O sistema de Seguridade Social dos EUA A proposta de Bush para a reforma de uma Previdência que não está em crise
AMEAÇA FANTASMA PARA IMPOR SOLUÇÃO SALVADORA
O presidente Bush pretende privatizar a Seguridade Social, nome da Previdência pública nos EUA, argumentando que ela está prestes a entrar em colapso. Na verdade, segundo o semanário econômico inglês The Economist, as contribuições que sustentam a Previdência pública americana constituem mais de 25% das rendas obtidas pelo governo federal e os pagamentos das pensões representam mais de 20% dos gastos governamentais. Assim, de acordo com a revista, a Previdência está agora com superávit e o risco de déficit só ocorreria a partir de 2018, porque os americanos estão há tempos morrendo com idade cada vez mais avançada e tendo cada vez menos filhos.
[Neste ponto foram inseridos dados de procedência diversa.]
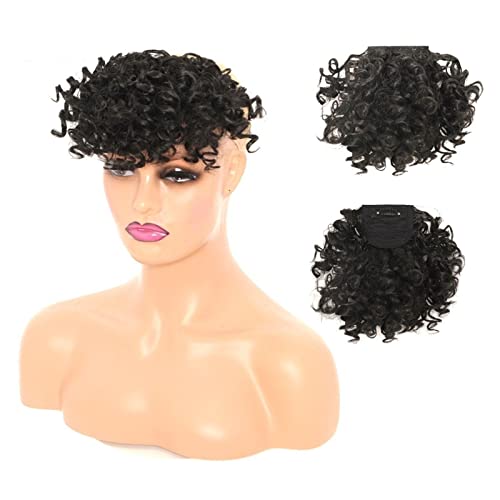 Pony-Haarspange, Synthetischer Haar-Pony, Afro-verworrener lockiger Pony for schwarze Frauen, lockige gefälschte Fransen-Clips in Pony-Perücke, natürliche weiche synthetische Faser, Haar-Accessoires, von LICONG-2020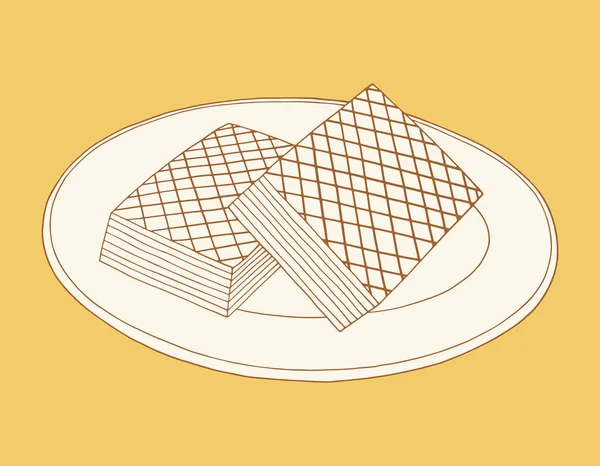 Waffle pasta plaka üzerinde iki adet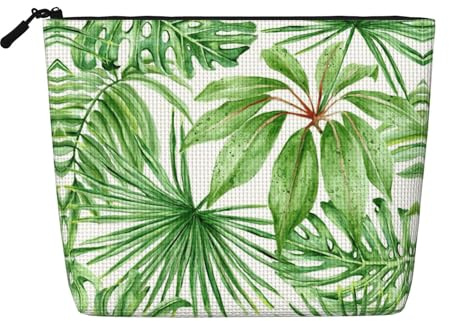 Tropical Palm Banana Leaves Makeup Bag Large Capacity Fake Hemp, Portable Zippered Case Water Resistant Toiletry Pouch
Mesmo com esse superávit, nos próximos treze anos, o semanário aprova a necessidade de reforma desde já antes que os chamados babyboomers, a geração provinda do grande aumento do número de nascimentos logo após a Segunda Guerra Mundial, cheguem à idade da aposentadoria, a partir de por volta de 2008. Mas a revista assinala que a privatização da Previdência não resolve de modo nenhum a vasta crise fiscal americana.
Bush fez uma concessão: não mexerá com os benefícios recebidos por pessoas com mais de 55 anos, nem lhes aumentará os impostos. A idéia da privatização é transformar um terço dos impostos sobre os salários em depósitos em previdência privada (isso num esquema voluntário, as pessoas não serão obrigadas a abrir contas de previdência privada). Em troca, os beneficiários que hoje têm menos de 55 anos passariam a receber pensões menores da Previdência pública. Para avaliar o que está em jogo, basta considerar que, para quase dois terços dos pensionistas, a Previdência pública representa mais da metade de sua renda.
O problema, ainda que se aceite que os rendimentos dos pensionistas não vão cair com a previdência privada, é que, a par de reduzir o dinheiro que sai da Previdência pública, o plano de Bush vai reduzir também o dinheiro que entra nela, situação praticamente impossível de resolver sem aumentar os impostos sobre salários. Para isso, a Casa Branca apresenta a proposta de, ao invés de indexar os benefícios aos salários, indexá-los aos preços, na suposição de que os preços em geral crescem menos do que as rendas individuais. Isso envolveria uma redução dos benefícios esperados da previdência privada. Além do mais, os custos operacionais da transição entre a Previdência pública e sua privatização parcial implicariam empréstimos governamentais de US$ 754 bilhões nos próximos dez anos.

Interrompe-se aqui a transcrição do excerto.